Allow support for either multiple queries or more direct control of the agent to ensure queries are sent via the same socket session

brian-mann opened this issue 6 months ago · 4 comments

Use case

We need the ability to issue multiple requests using the same socket connection in order to utilize creating temporary tables and querying them.

The clickhouse cli binary allows for the --multiquery flag but there is no way to issue multiple queries (to my knowledge) with the nodejs client.

For instance it does not seem easily possible to do this:

create temporary table foo as select 1;
select * from foo;

The only way we've found is to make 2 round trips, but to do so, we have to ensure we're using the same socket connection. An alternative approach would be to more directly control the underlying node.js agent.

There was a PR opened here (#275) enabling passing in your own agent instance, but the PR was closed.

Describe the solution you'd like

We're also aware of the feature request to materialize CTE's (PR opened here: ClickHouse/ClickHouse#61086) - which would also solve for our use case, but until that is implemented - either having multiquery support OR making it easier to control the request agent is the only solution.

More direct control of the agent would at least give us the ability to use the same connection pool, but ensure that the socket connection is not free'd up until the dependent queries have finished. Ideally though, multiquery or materialized CTE's would be a superior solution.

Describe the alternatives you've considered

As a workaround, we can effectively recreate this by instantiating a new client and setting max_open_connections: 1 so that all queries run over the same socket, but that is not only very inefficient because the socket has to be reconnected and closed each time, but it bypasses the natural connection pool.

Additional context

Answer 1 · 2024-06-17T12:43:59.000Z

but ensure that the socket connection is not free'd up until the dependent queries have finished.

I don't think it's safe to rely on this assumption in distributed enviroment with network hiccups.

More direct control of the agent would at least give us the ability to use the same connection pool, but ensure that the socket connection is not free'd up until the dependent queries have finished.

How do you deploy ClickHouse?
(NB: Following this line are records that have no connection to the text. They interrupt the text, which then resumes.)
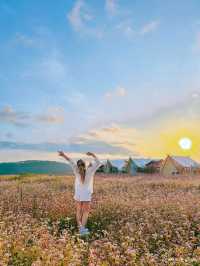 THE CAMP VILLE DALAT 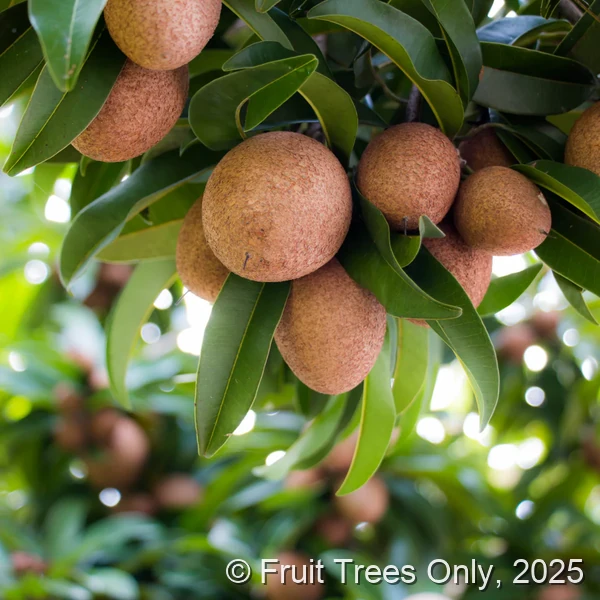 Makok Sapodilla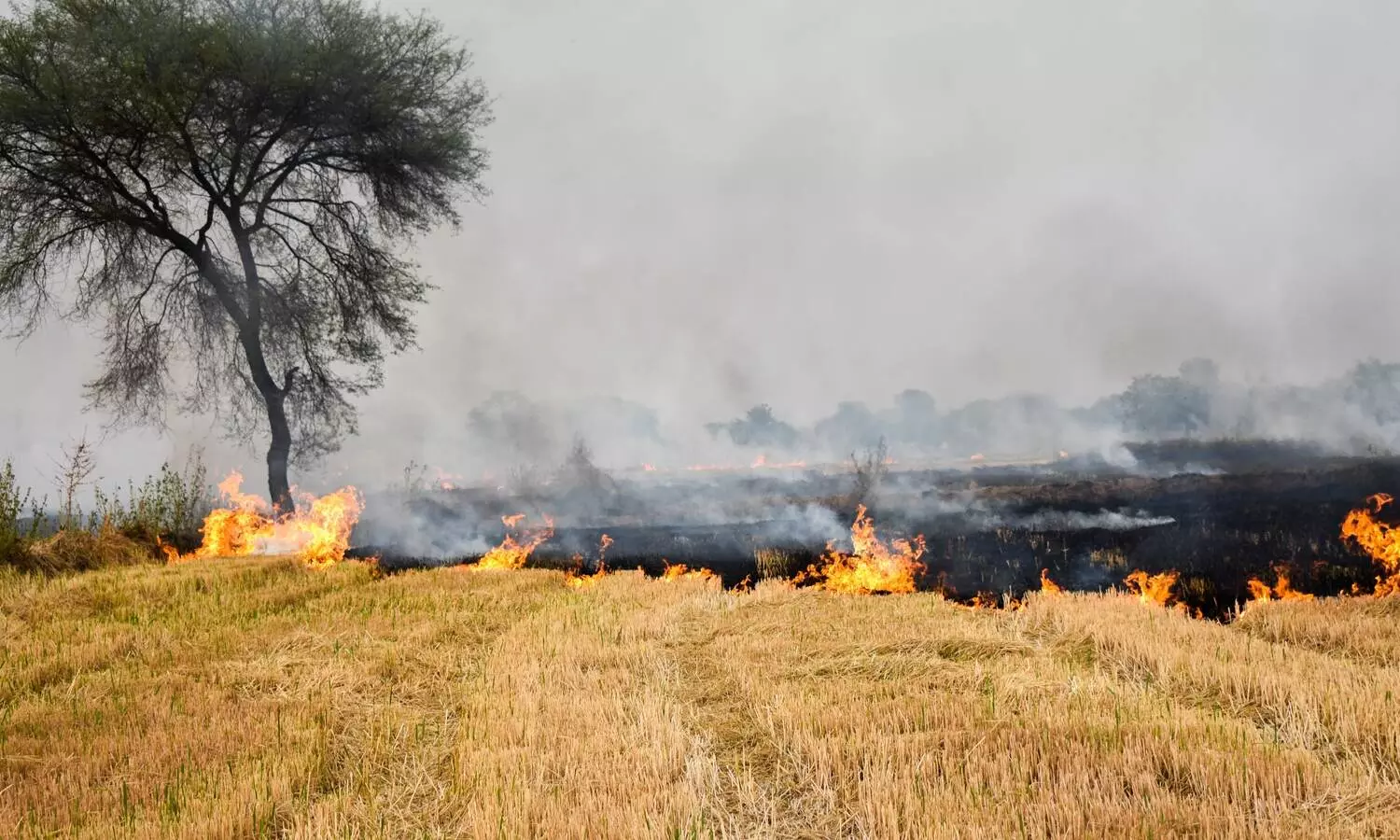 SC censures Punjab, Haryana govts for lack of action against stubble burning, summons top officers SC censures Punjab, Haryana govts for lack of action against stubble burning, summons top officers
Is there an option of using a session mechanism? from the temporary table docs

primary use case where temporary tables can be useful is for querying or joining small external datasets during a single session.

Answer 2 · 2024-06-17T16:09:16.000Z

I don't think it's safe to rely on this assumption in distributed enviroment with network hiccups.

This would be only used before issuing one specific type of query, not as a general pattern. It's really no different than writing multiple queries via the CLI or any visual IDE-based SQL editor (like DataGrip, etc).

How do you deploy ClickHouse?

clickhouse cloud

Answer 3 · 2024-06-18T15:33:04.000Z

@brian-mann, it will be possible to override the HTTP(s) agent after #284.

Regarding the multi-query support, it entirely depends on ClickHouse/ClickHouse#61608. There are many nuances with HTTP and load balancers, so it can be tricky to have this working reliably for all scenarios.

Answer 4 · 2024-06-19T13:47:15.000Z

@brian-mann, custom HTTP(s) agent is now supported as of 1.2.0, see also the relevant docs with examples.

Multi-query support won't be implemented until ClickHouse adds this to the HTTP protocol (see ClickHouse/ClickHouse#61608).